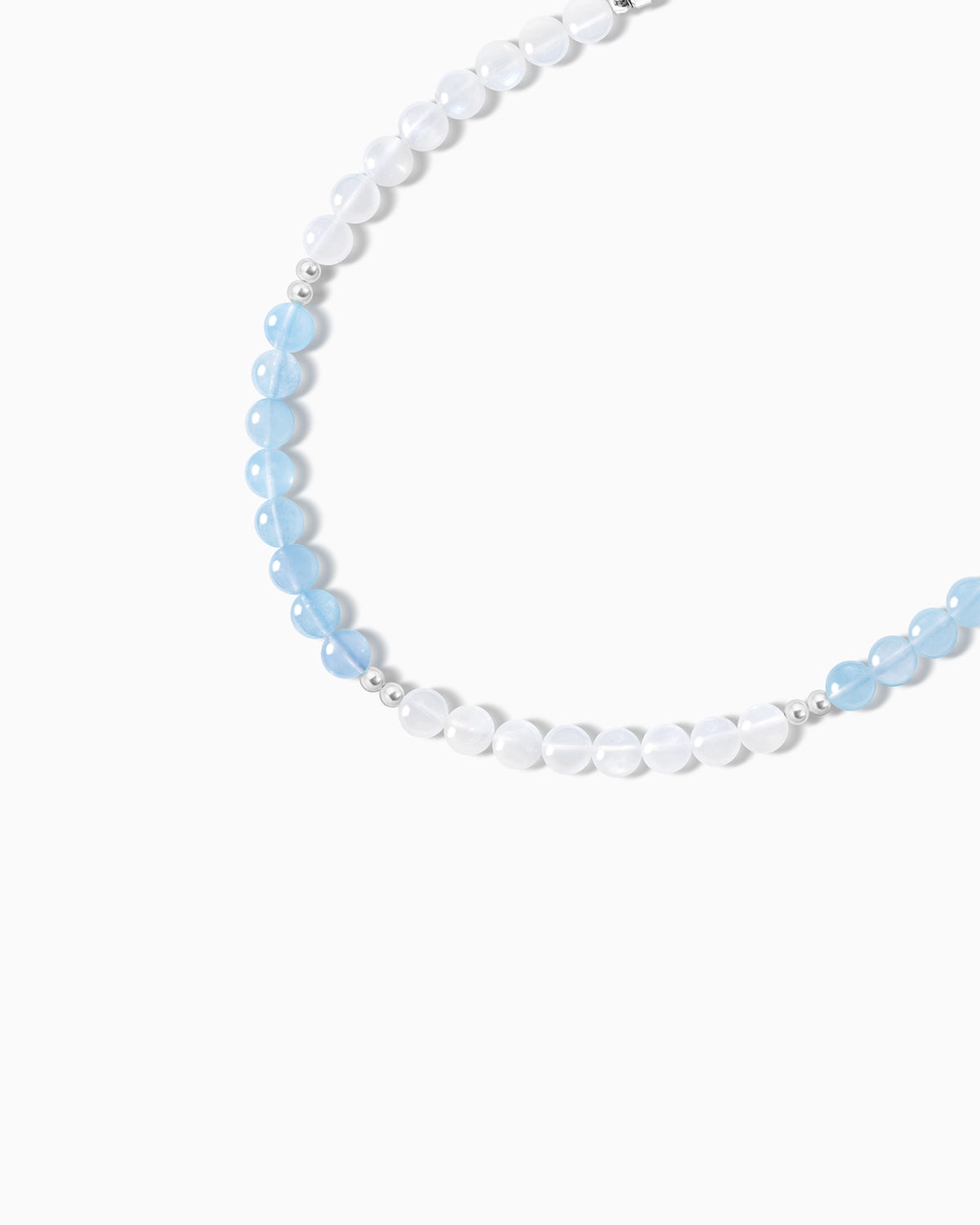 aquamarine beaded bracelet – march birthstone
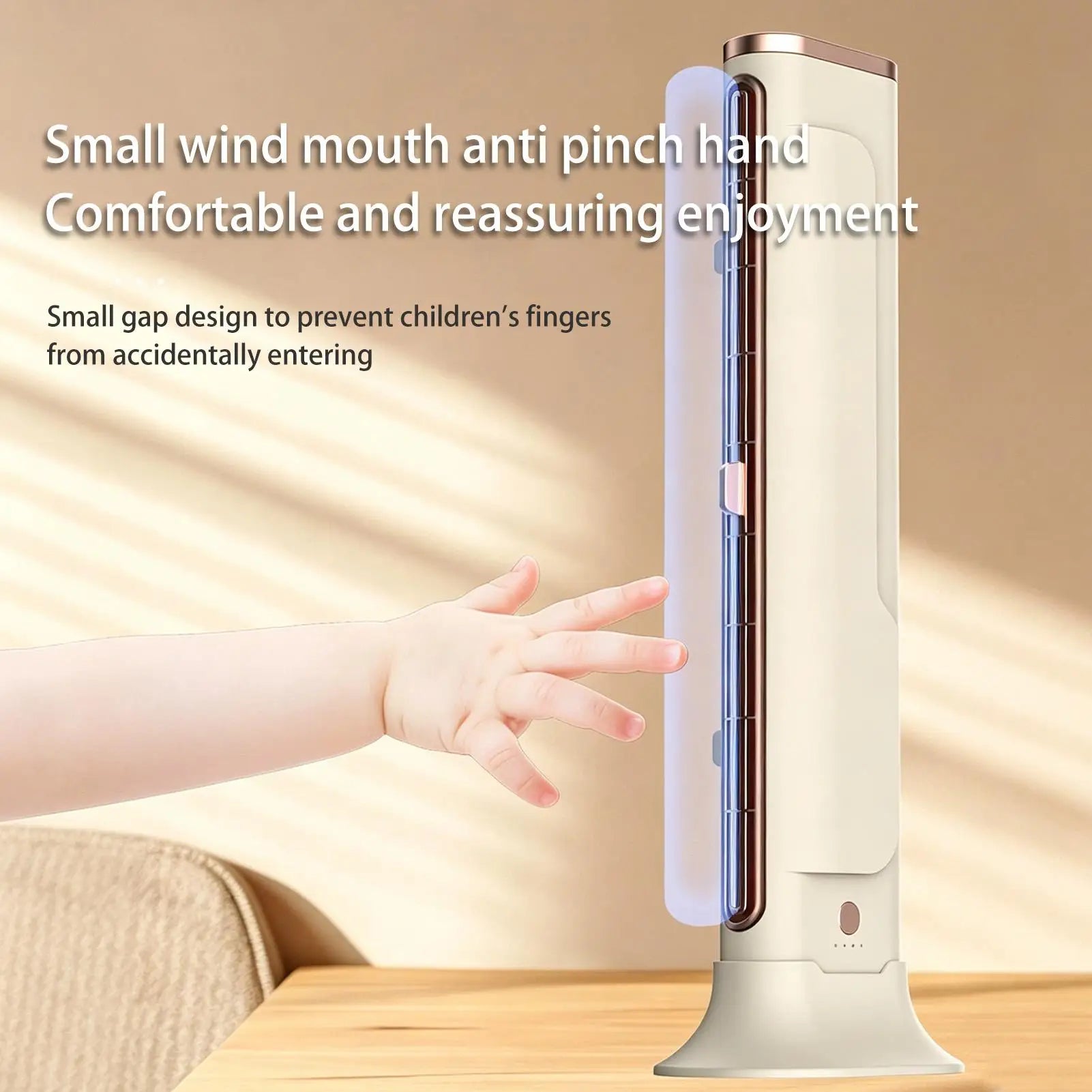 New Small Portable Fan Bladeless USB Rechargeable Device Office Work Fan For Desk Office Home Car Camping Outdoor Qme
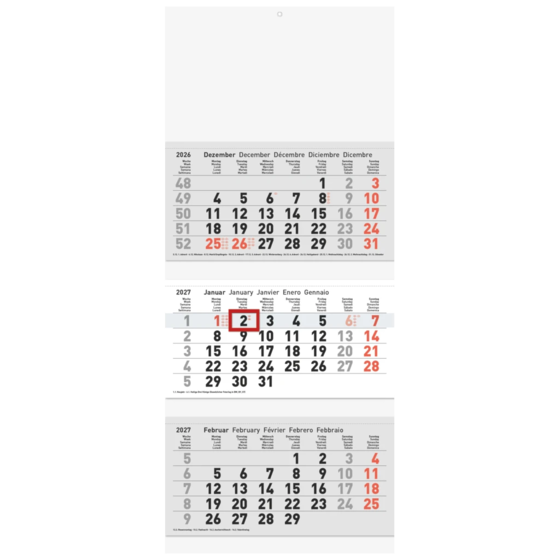 Mehrmonatskalender Modell 71 X-G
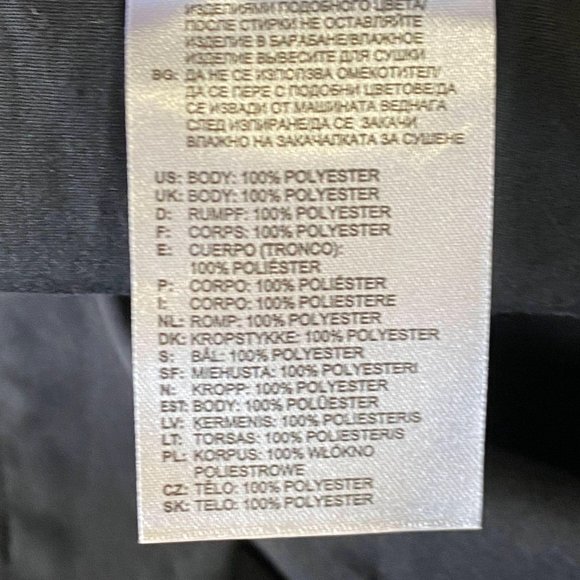 NWOT ADIDAS Structured, Climalite/stay cool/dry, Black Chino Pant size 34/30 - Picture 7 of 8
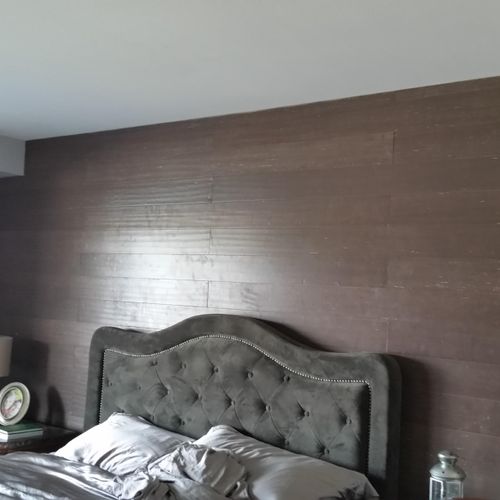 Bamboo accent wood wall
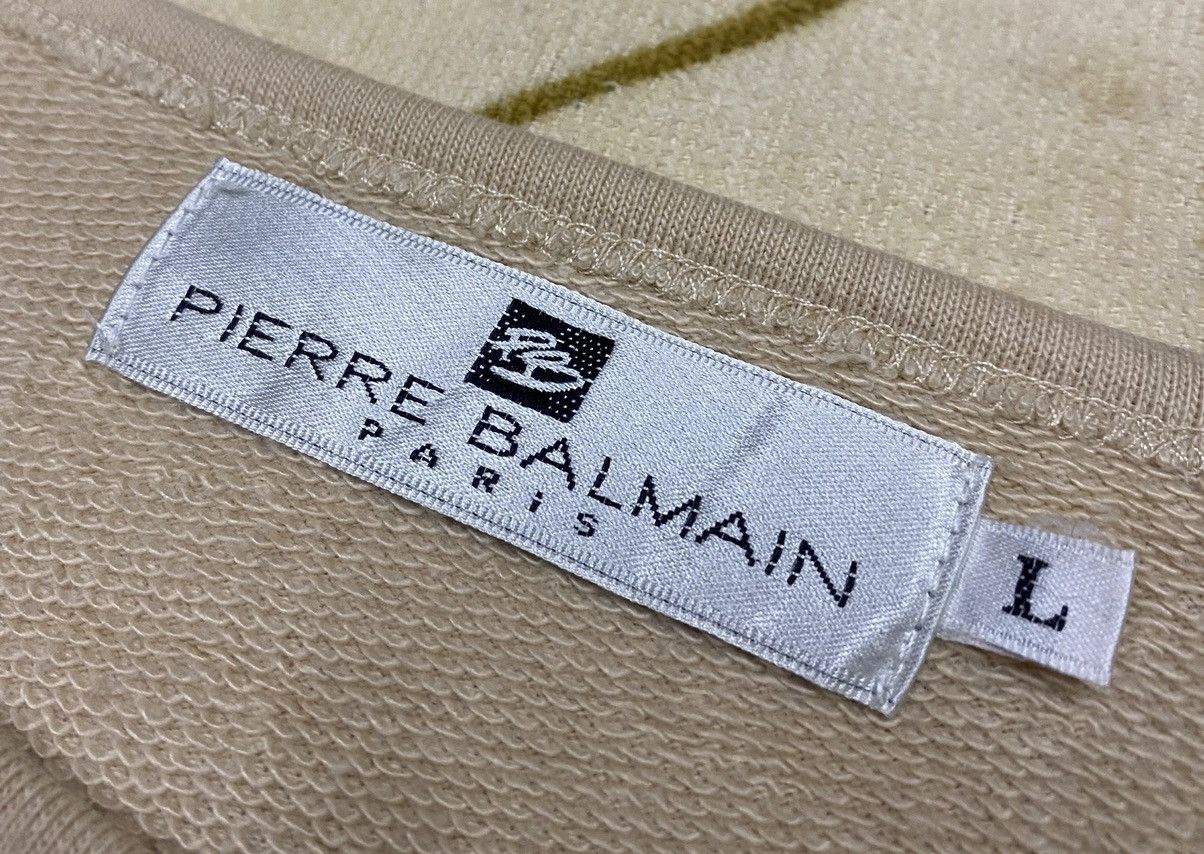 Pierre Balmain PIERRE BALMAIN PARIS Big Logo Sweatshirt x Rare Size US L / EU 52-54 / 3 - 10 Thumbnail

## Exercise details
Starting at the line with "Mehrmonatskalender Modell 71 X-G", output each line through the final one of the listing above, and nothing else. Pictures are to be left out.

## Solution to this task
 Mehrmonatskalender Modell 71 X-G
 NWOT ADIDAS Structured, Climalite/stay cool/dry, Black Chino Pant size 34/30 - Picture 7 of 8
 Bamboo accent wood wall
 Pierre Balmain PIERRE BALMAIN PARIS Big Logo Sweatshirt x Rare Size US L / EU 52-54 / 3 - 10 Thumbnail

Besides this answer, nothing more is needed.